**WHAT THIS TASK INVOLVES**:
Word for word and without images, transcribe all of the records.

***

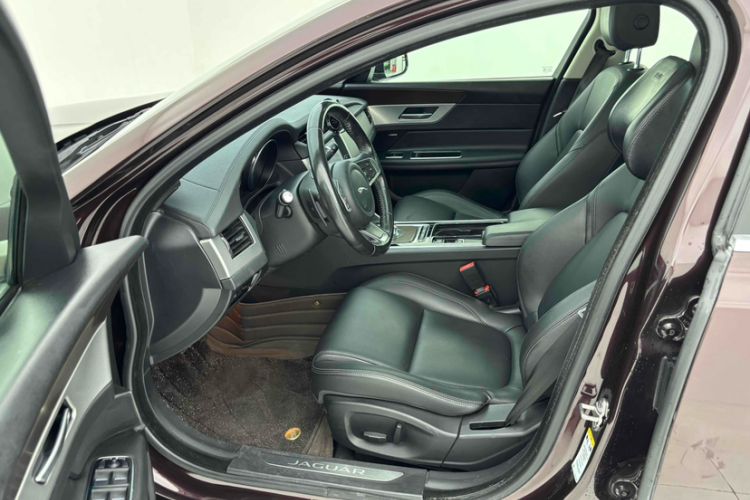 Used Jaguar XFL 2019 XFL 2.0T 200 PS Two-Wheel-Drive Elite Edition
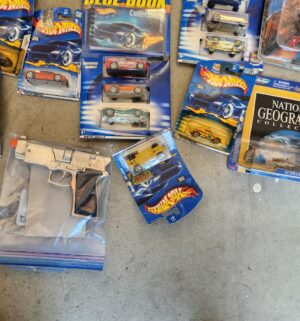 b178- Collection of Hotwheels and toys - Image 4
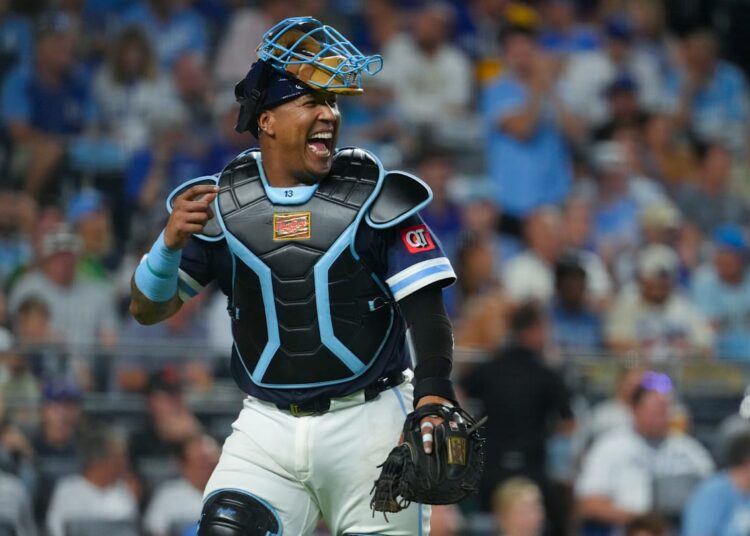 2 razões pelas quais a realeza deveria estar otimista em relação a Salvador Perez, 1 razão para se preocupar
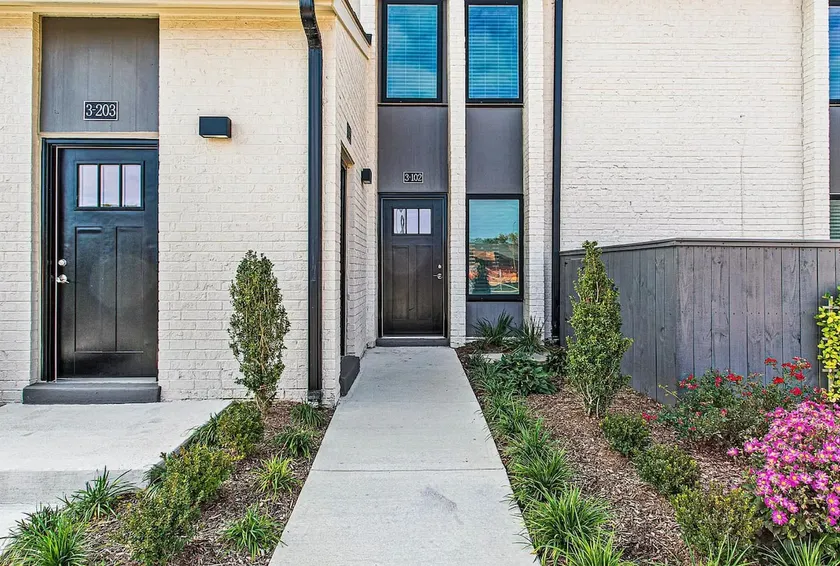 1 Bed/1 Bath/1Pkg Space|Dogs-OK - Image 1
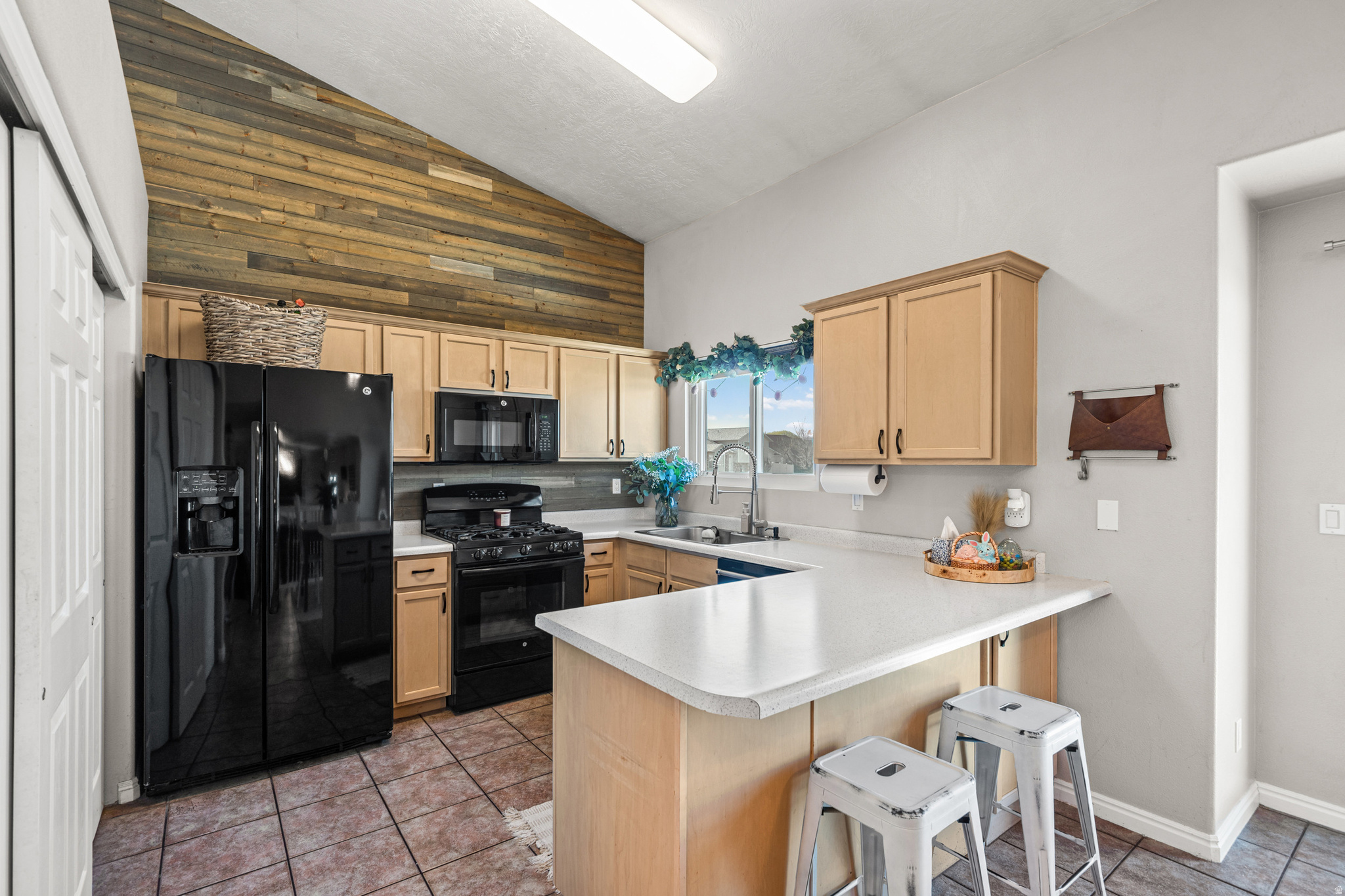 MEADOW CREEK VILLAGE - Residential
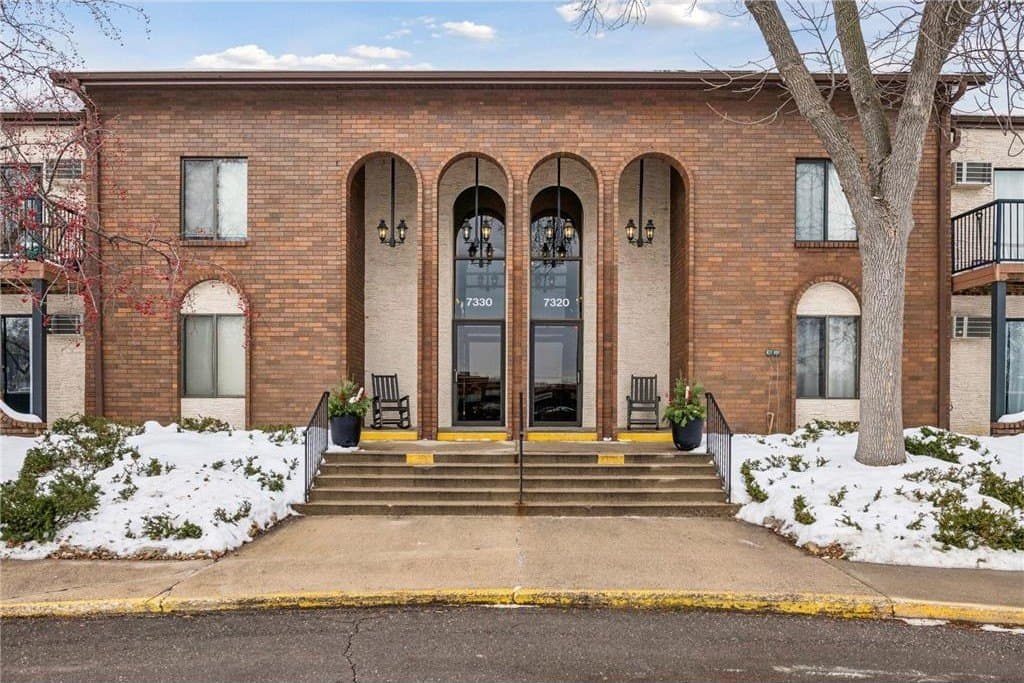 7320 York Ave S Apt 211, Edina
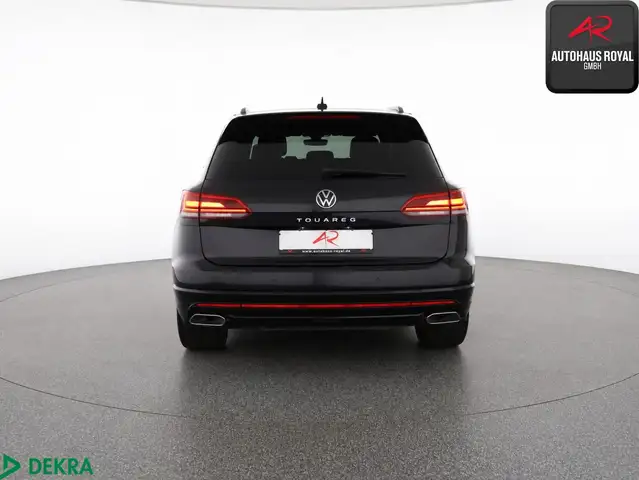 Volkswagen Touareg view 4
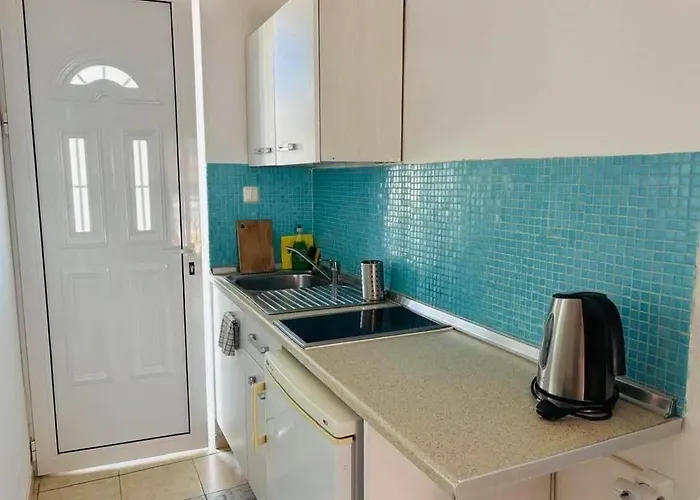 Olia Olga ファリラキ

***

**RESPONSE AREA**:
 Used Jaguar XFL 2019 XFL 2.0T 200 PS Two-Wheel-Drive Elite Edition
 b178- Collection of Hotwheels and toys - Image 4
 2 razões pelas quais a realeza deveria estar otimista em relação a Salvador Perez, 1 razão para se preocupar
 1 Bed/1 Bath/1Pkg Space|Dogs-OK - Image 1
 MEADOW CREEK VILLAGE - Residential
 7320 York Ave S Apt 211, Edina
 Volkswagen Touareg view 4
 Olia Olga ファリラキ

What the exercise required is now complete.